Around 717 million years ago, Earth’s humid landscapes and roiling blue waters transformed into a frigid, barren world. Scientists nicknamed this stage of geological history, and others like it, Snowball Earth.

What exactly froze the planet nearly solid has been a mystery, as has how it remained that way for 56 million years. On Wednesday, a team of researchers at the University of Sydney said they have it figured out. Earth’s glaciation, they say, may have come from a global drop in carbon dioxide emissions, a result of fewer volcanoes expelling the gas into the atmosphere.

Less carbon dioxide makes it more difficult for Earth’s atmosphere to trap heat. If the depletion were extreme enough, they argued, it could have thrust the planet into its longest ice age yet.

The theory, published in the journal Geology, adds insight to the way geological processes influenced Earth’s past climate. It may also help scientists better understand trends in our current climate.

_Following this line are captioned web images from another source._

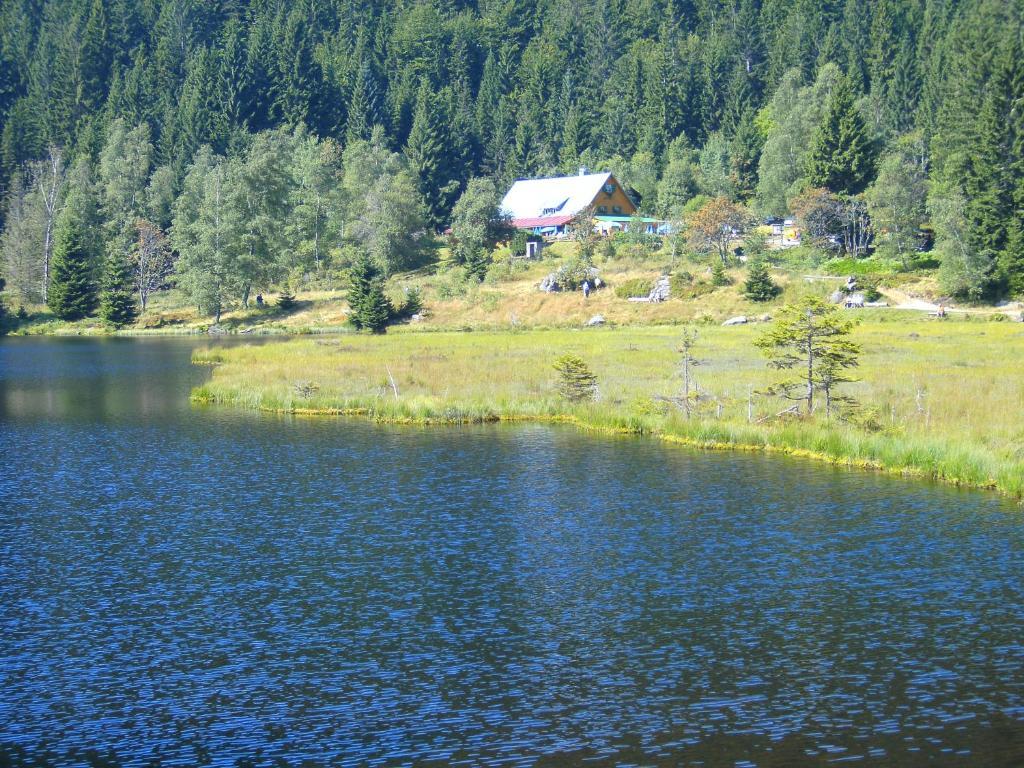 Pension Reindlhoeh Lohberg Exterior foto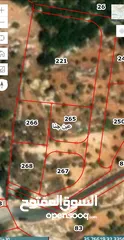  11 قطع سكنيه (سكن ج ) منطقه(عين جنا/ عجلون) وسط البلد،مرتفعه واطلاله جميلة على القلعة واصل جميع الخدمات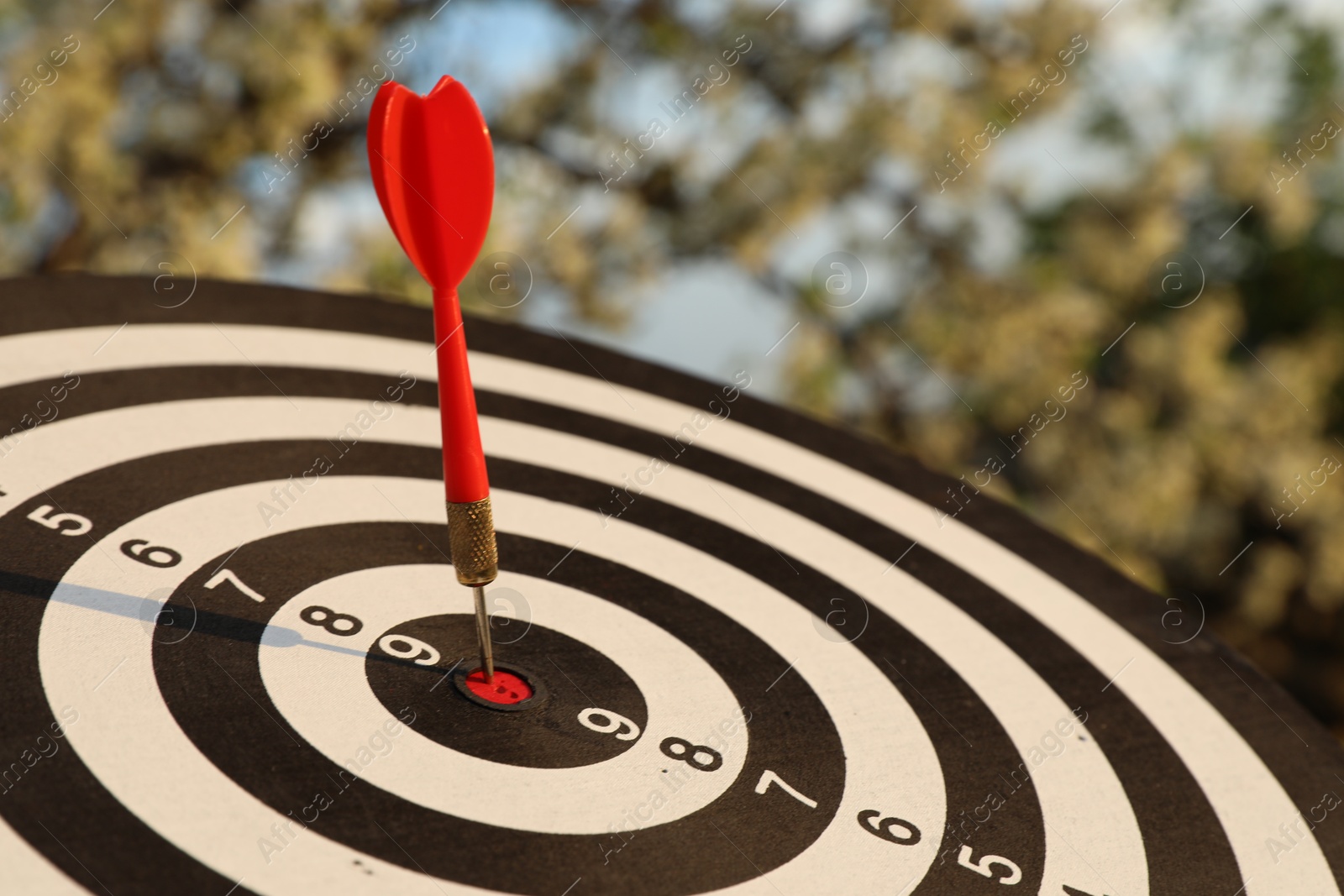 Targeting. Dart board with arrow outdoors, closeup Photo of Targeting. Dart board with arrow outdoors, closeup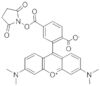 6-CARBOXYTETRAMETHYLRHODAMINE N-HYDROXYSUCCINIMIDE ESTER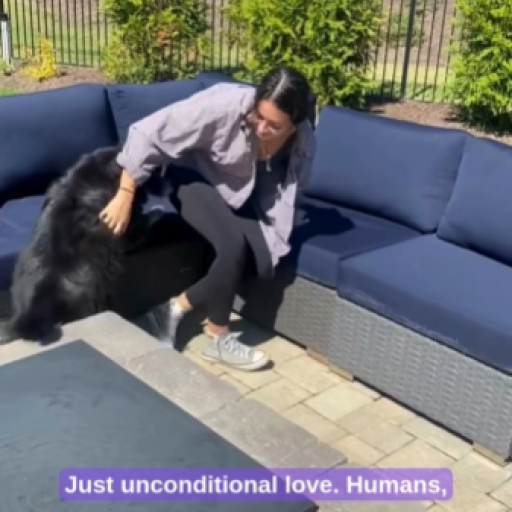 Screenshot 2026-03-16 224535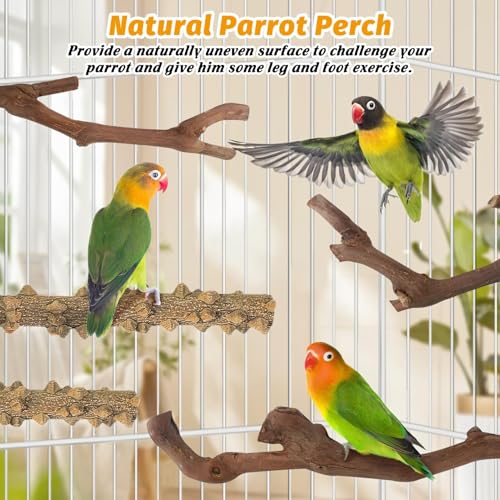 Image of kathson 5pcs Natural Parrot Perch for Cage Wooden Bird Perches Grape Bird Stick Parakeet Climbing Standing Branches Toy Chewable Cage Accessories for Small Budgies Cockatiels Lovebirds Budgies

“These days, of course, humans are having a large impact on CO2 in the atmosphere,” said Adriana Dutkiewicz, a sedimentologist at the University of Sydney who led the study. “But back in time, there were no humans, and so everything was basically modulated by geological processes.”

There are many ideas about what turned Earth into a snowball. One popular theory suggests that minerals released by the weathering of igneous rock sucked enough carbon dioxide from the atmosphere to set off a deep freeze.